İnsanlarımızı kazalarla öldürüyor veya daha kötüsü sakat bırakıyoruz, ömür boyu hem kendi hem toplum ceremesini çekiyor.

Kameralarla takip, para cezalarının arttırılması ve diğer palyatif tedbirler başarılı olamıyor.. O halde ne yapmalı?

Yapılacak ilk iş ve meselenin çözüm sürecinde hiç akıldan çıkarmamak gereken en mühim şey, İNSANA DEĞER VERMEK...

Sahi, “insanı yaşat ki, devlet yaşasın” sözü bize mi aitti? Yoksa İtalyan atasözü müydü?

Hatırlıyorum, İtalya’da bir trafik kazasında 12 insan ölünce başbakan istifa etmişti. Türkiye’de Ulaştırma Bakanı bile istifa etmiyor...
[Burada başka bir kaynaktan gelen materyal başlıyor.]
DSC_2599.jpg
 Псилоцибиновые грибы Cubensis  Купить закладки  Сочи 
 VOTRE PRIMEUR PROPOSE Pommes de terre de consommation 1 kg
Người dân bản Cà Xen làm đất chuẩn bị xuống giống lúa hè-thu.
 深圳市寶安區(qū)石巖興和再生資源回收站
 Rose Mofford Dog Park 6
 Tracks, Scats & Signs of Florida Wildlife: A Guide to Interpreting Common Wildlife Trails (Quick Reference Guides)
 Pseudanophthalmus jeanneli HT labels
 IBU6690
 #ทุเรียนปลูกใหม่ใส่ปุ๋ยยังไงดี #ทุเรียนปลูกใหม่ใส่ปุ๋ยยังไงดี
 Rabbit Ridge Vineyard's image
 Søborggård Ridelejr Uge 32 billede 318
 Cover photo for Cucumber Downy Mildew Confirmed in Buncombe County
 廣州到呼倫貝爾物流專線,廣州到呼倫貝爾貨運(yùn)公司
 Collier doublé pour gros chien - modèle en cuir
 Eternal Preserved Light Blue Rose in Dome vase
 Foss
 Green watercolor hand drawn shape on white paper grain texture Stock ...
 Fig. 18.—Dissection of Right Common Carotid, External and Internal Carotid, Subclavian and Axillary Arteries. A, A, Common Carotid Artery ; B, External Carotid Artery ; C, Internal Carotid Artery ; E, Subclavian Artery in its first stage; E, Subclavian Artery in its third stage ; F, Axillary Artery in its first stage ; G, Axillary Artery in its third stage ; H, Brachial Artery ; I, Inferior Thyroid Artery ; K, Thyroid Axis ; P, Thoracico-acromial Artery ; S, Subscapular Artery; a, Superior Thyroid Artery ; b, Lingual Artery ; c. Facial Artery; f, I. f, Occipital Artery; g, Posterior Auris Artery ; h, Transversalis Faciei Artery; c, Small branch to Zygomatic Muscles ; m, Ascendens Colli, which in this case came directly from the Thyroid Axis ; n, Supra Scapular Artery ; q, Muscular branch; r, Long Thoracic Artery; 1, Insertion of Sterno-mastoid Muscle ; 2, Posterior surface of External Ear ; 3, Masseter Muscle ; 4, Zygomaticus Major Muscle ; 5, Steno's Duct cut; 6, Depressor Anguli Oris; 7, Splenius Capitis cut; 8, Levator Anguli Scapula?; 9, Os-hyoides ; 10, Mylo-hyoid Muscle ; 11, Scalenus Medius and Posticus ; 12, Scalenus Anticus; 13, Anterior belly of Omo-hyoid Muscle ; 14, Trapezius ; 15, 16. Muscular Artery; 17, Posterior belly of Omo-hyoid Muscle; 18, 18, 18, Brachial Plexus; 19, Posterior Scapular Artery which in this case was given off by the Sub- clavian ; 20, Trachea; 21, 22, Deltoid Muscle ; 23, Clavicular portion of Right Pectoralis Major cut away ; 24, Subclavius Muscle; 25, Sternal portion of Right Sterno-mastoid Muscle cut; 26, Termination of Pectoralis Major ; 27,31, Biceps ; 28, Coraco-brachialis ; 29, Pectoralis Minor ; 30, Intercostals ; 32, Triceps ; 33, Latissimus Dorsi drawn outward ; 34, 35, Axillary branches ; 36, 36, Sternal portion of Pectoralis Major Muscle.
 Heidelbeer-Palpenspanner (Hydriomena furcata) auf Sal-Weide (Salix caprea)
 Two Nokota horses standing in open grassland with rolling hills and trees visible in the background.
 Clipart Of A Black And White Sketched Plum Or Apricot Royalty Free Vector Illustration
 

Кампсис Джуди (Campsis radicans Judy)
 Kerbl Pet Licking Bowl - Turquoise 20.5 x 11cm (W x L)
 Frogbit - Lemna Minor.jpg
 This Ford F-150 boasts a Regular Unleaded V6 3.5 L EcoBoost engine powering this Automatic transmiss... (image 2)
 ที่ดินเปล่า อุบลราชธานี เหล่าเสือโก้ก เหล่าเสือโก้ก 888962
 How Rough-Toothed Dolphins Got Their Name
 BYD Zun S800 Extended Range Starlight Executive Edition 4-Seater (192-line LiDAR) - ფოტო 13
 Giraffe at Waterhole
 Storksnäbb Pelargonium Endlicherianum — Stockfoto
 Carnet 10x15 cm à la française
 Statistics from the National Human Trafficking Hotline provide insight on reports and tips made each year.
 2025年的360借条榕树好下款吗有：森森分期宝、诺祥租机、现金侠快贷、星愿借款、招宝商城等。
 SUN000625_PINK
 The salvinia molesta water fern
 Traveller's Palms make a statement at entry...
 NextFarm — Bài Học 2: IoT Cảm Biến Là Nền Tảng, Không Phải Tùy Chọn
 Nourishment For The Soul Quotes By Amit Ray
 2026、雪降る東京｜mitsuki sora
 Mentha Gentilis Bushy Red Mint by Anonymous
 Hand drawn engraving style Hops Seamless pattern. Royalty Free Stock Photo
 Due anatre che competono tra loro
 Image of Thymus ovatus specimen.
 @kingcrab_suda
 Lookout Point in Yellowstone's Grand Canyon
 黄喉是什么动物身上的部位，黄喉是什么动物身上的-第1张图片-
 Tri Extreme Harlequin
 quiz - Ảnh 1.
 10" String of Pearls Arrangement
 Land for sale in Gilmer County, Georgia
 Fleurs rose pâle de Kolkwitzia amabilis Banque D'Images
Sebep? İnsanımızın değerinin olmayışı... Gerçi adam kendine değer vermiyor ki, devlet versin...

“Hayırlı yolculuklar, kazasız belâsız seyahatler, Allah’a emanet olun” duâlarının indi ilahide kabulü, önce tedbir sonra tevekkül iledir..

Aksi, kendini damdan atan ahmak adama “hayırlı düşüşler, Allah’a emalet ol” demek gibi olur..

Trafiğe her gün kurban veriyoruz! Hele bayram tatilleri geldiğinde.. Bu bir dehşet tablosu, bir facia, bir soykırım, büyük musibet, belâ ve adamsendeciliğin acınası faturasıdır!..

Dünyada birinci sırayı aldığımız trafik kazaları, milletimizin hayırlı işlerde alabileceği birinciliklere mani faktörlerin başında.

Uğradığımız maddi manevi kayıpları iyi hesap edebilseydik; başka bir şey yapmadan dahi, bugünkü refah seviyemizin üzerine çıkmış olurduk...

Nice dahilerimizi, yetenekli vatan evlatlarını, hayatlarının en verimli çağında Trafik Canavarına kurban veriyoruz, yazıktır!..

Türkiye yöneticileri, bu ehemmiyet derecesi fevkalâde yüksek konuyu, ciddîyetle ele alıp, sağlıklı neticeler çıkarmalı, acil tedbirler alınmalıdır.

Bendeniz sertifika almış ve sürücü kurslarında Trafik derslerine de girmiş eski bir trafik hocasıyım. Ricâl-i devlete birkaç tavsiyem var:

Sürücüler psikolojik testlerden geçirilmeden ehliyet verilmemeli, kaza yapan sürücüler yeniden muáyene edilmelidir. Trafik magandaları direk mahkemeye çıkarılıp ağır ceza almalıdır.

Ve Türkiye olarak müstakil bir TRAFİK BAKANLIĞI ihtiyacımız var... Bu bakanlk bünyesinde sürücü kursları ve trafik hastaneleri olmalı.

Ehliyet verme işi de bu bakanlığa verilmeli, sürücü muayeneleri trafik konusunda uzman bakanlık hekimlerince yapılmalıdır.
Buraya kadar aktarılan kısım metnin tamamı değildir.